И приказчик побежал в другое отделение за сыром.
«О, черт возьми! Я не туда попал!.. Надо было в то отделение пройти!» — с досадой подумал Вересов, и вдруг — золотая надежда! — он увидел в двух шагах от себя кольцо колбасы, тщательно завернутой в тончайший лист серебрившейся фольги.
«Ее… ее-то и тащить! — мелькнуло в его голове. — Скорее тащить, пока не замечают!»
Он пытливо и тревожно посмотрел во все стороны, быстро обернулся на приказчиков и покупателей: «Хорошо!.. Не видят!» — и робко протянул к заветному куску свою дрожащую руку.
Но… страшное дело!.. Кровь прихлынула к голове, и в глазах замутило. «Вор!» — с презрительным укором и даже насмешливо шепнул ему какой-то внутренний, тайный голос, и он торопливо отдернул свою руку.
А голод не дремлет. Напротив, при виде колбасы еще сильнее разыгрывается.
«Да, вор! Голодный вор! — поперечил он в ответ этому насмешливому и укоряющему голосу. — Что же это я? Чего я испугался? Минута — и все кончено! Упустил минуту — и пропало… Скорей, скорей!..»
И снова рука протянута к колбасе, а глаза, не глядя на нее, следят за малейшим движением остальных людей, находящихся в лавке.
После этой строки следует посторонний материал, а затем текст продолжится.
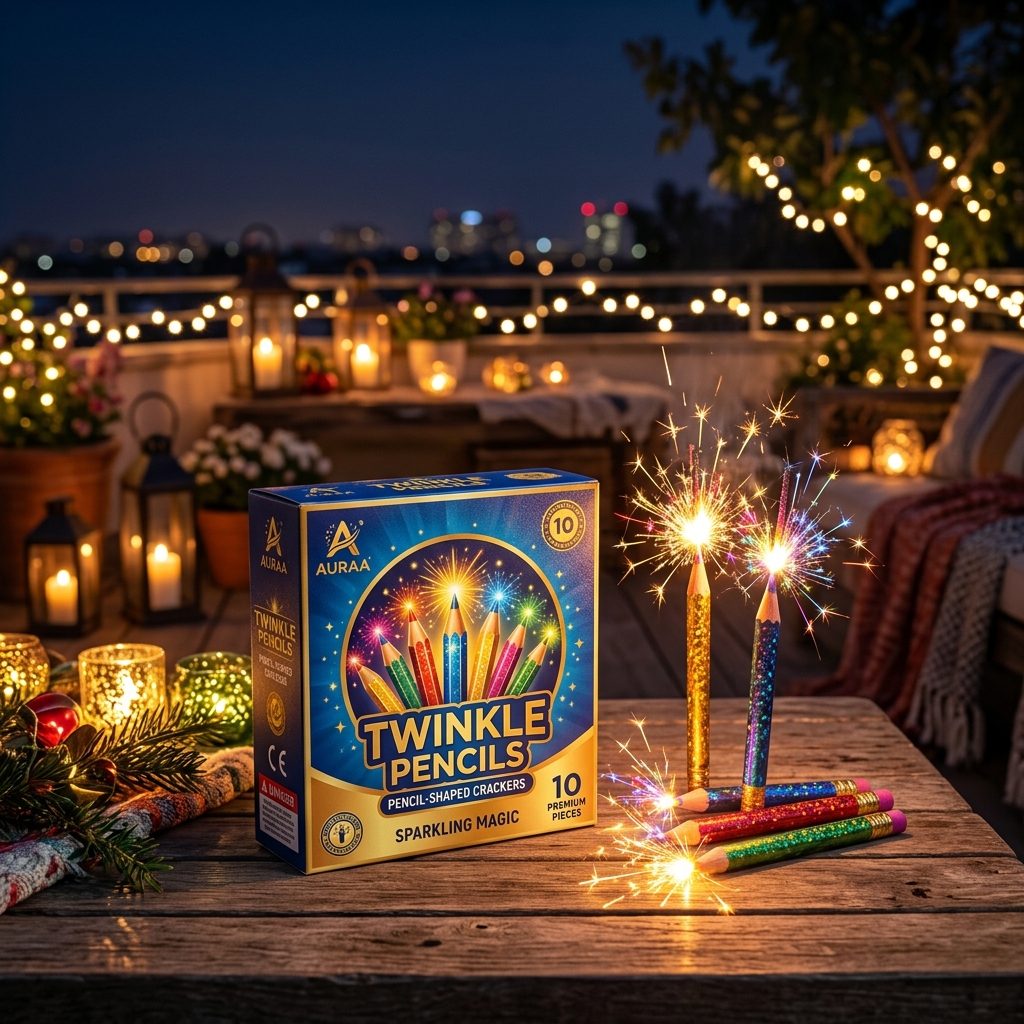 TWINKLE PENCILS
Вот уже пальцы до нее коснулись, а сердце стукает и колотится и во рту что-то горькое, липкое… Проклятая рука! дрожит, трясется!.. Чувствуешь его концами пальцев, а поймать не можешь, словно бы этот кусок зачарован, словно бы он ускользает из-под руки. Что за дьявольщина!.. А!.. Наконец-то!.. Вот он!.. Вот он уже в руке!.. Скорей его прятать! Скорее! Да где же этот карман?!
«Где же он, в самом деле? Затерялся или черт шутит надо мною?!» — думает Вересов, шаря у себя по пальтишку и от волнения да от дрожи никак не успевая нащупать карман свой. Вот, кажись, как будто и чувствуешь его, а рука не попадает: не может, положительно не может попасть в него.
Тяжела бывает человеку первая кража!
А между тем показывается приказчик с куском сыру на листе бумаги.
«Попался! — с отчаянием думает голодный. — Всему конец! Попался!.. Скрутят руки… полиция… тюрьма… Вор… мазурик… А срам-то, позор-то какой!.. Господи!..»
Приказчик подошел к нему в эту самую минуту — и колбаса, как была, так и осталась в руке.
— Что, вам, может, эту колбасу желательно? — с ухмылкой обращается он к Вересову, еще подозрительней прежнего оглядывая его наружность.
«А!.. Есть спасение!» — мелькнуло в сознании неудачного вора, который за миг перед этим почти был готов лишиться чувств или во всем признаться.
— Да… я хотел бы… — пробормотал он в смущении. — А что цена ей?
— Цена рупь двадцать пять копеек, — равнодушно отвечал приказчик, не спуская с него глаз.